Saved entries:
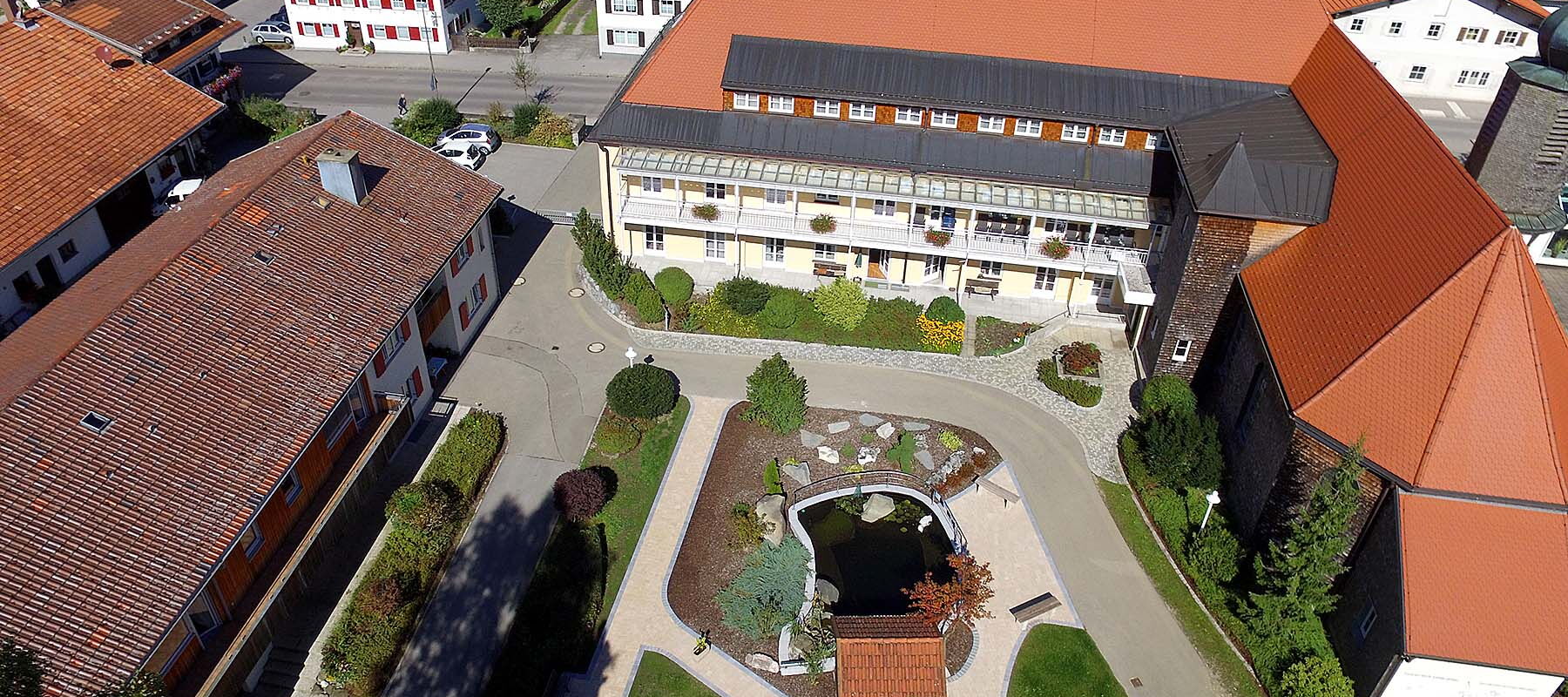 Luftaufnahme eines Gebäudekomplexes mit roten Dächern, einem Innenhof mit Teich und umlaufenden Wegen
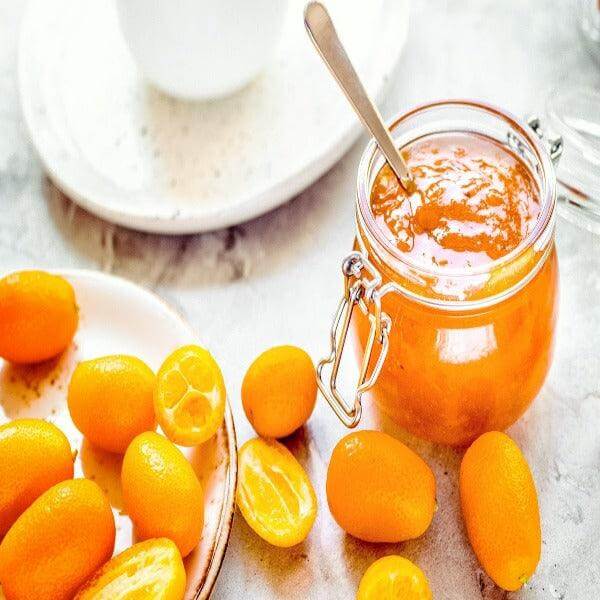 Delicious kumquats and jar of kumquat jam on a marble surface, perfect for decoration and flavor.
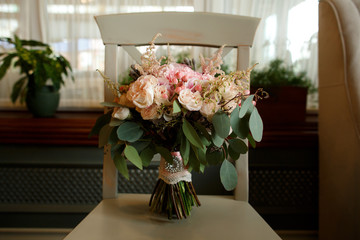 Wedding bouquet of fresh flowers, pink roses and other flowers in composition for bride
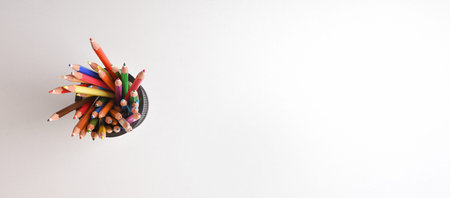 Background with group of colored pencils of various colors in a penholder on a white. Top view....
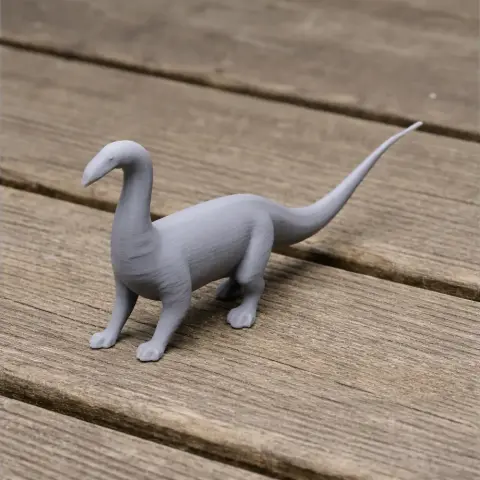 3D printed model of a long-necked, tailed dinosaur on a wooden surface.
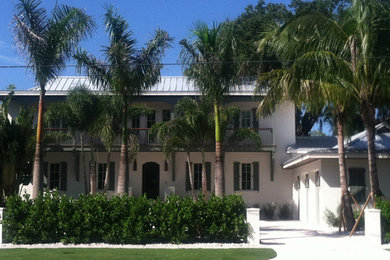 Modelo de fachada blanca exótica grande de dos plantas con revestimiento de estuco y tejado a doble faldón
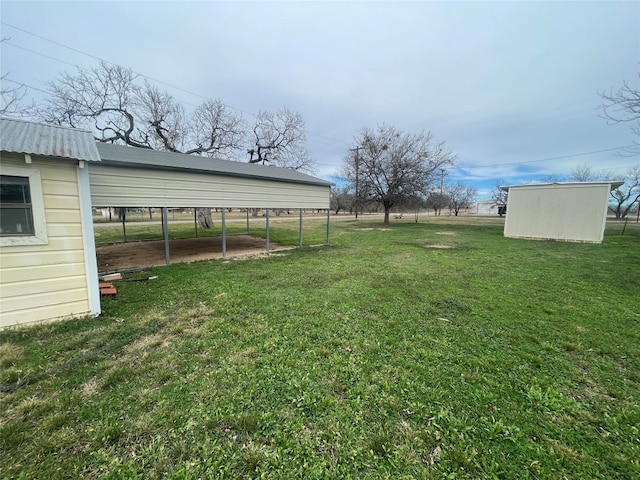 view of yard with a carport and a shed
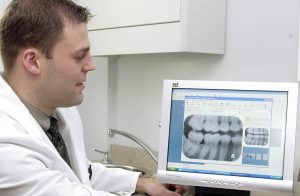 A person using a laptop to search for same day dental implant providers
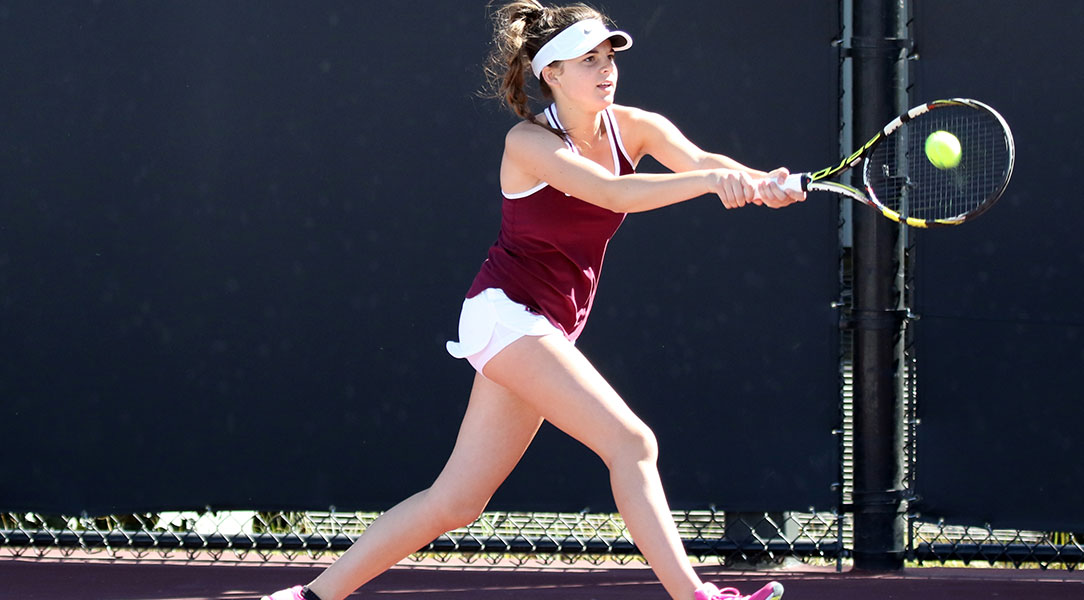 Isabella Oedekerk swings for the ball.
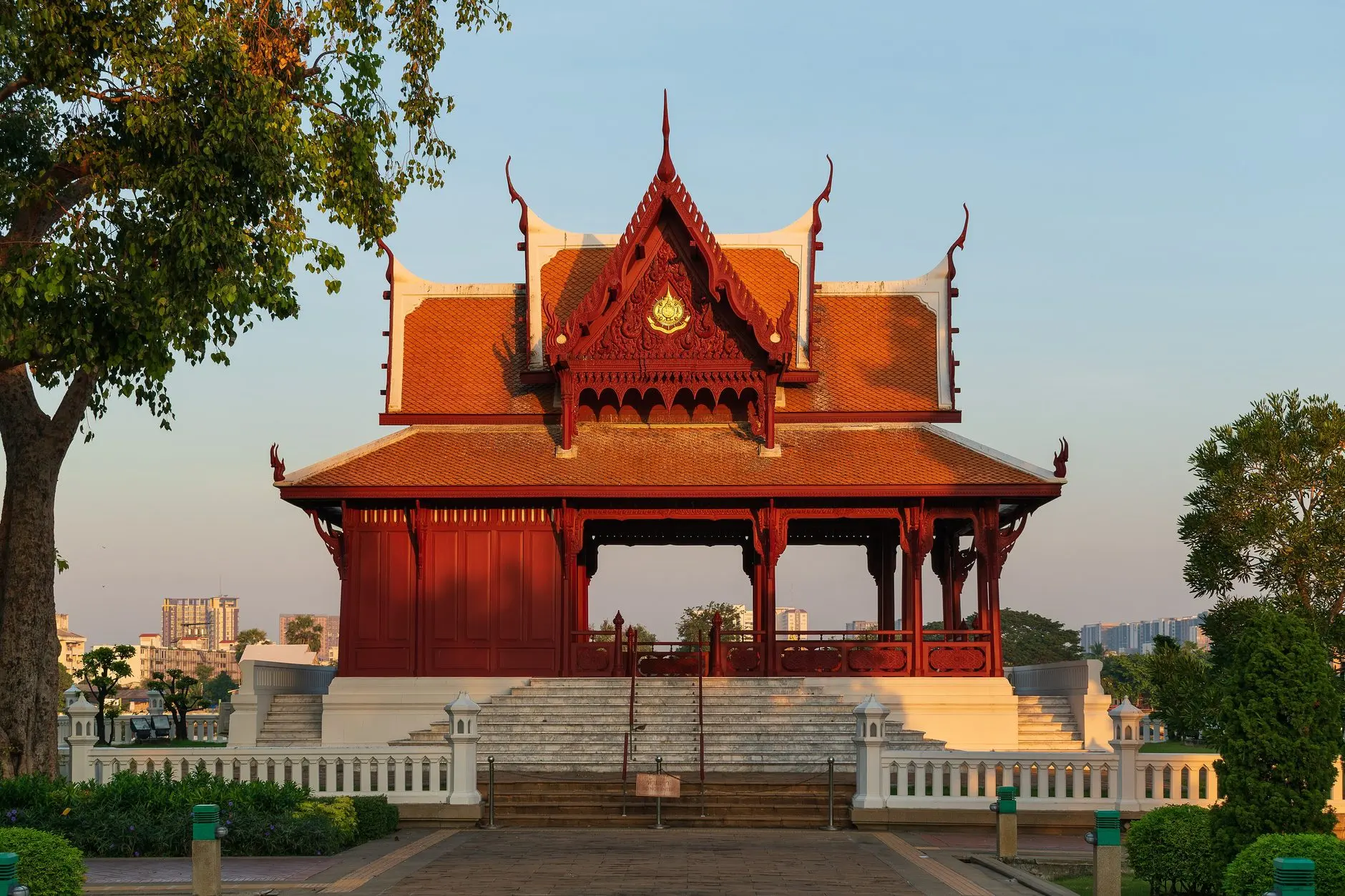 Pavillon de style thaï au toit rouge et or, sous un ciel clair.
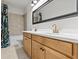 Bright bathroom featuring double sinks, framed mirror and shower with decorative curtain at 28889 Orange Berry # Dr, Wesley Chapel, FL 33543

Work request ▸ Reproduce nothing but the lines running from the line with "Modelo de fachada" through the end of the records, keeping both end lines and dropping the pictures.

Exercise response ▸
 Modelo de fachada blanca exótica grande de dos plantas con revestimiento de estuco y tejado a doble faldón
 view of yard with a carport and a shed
 A person using a laptop to search for same day dental implant providers
 Isabella Oedekerk swings for the ball.
 Pavillon de style thaï au toit rouge et or, sous un ciel clair.
 Bright bathroom featuring double sinks, framed mirror and shower with decorative curtain at 28889 Orange Berry # Dr, Wesley Chapel, FL 33543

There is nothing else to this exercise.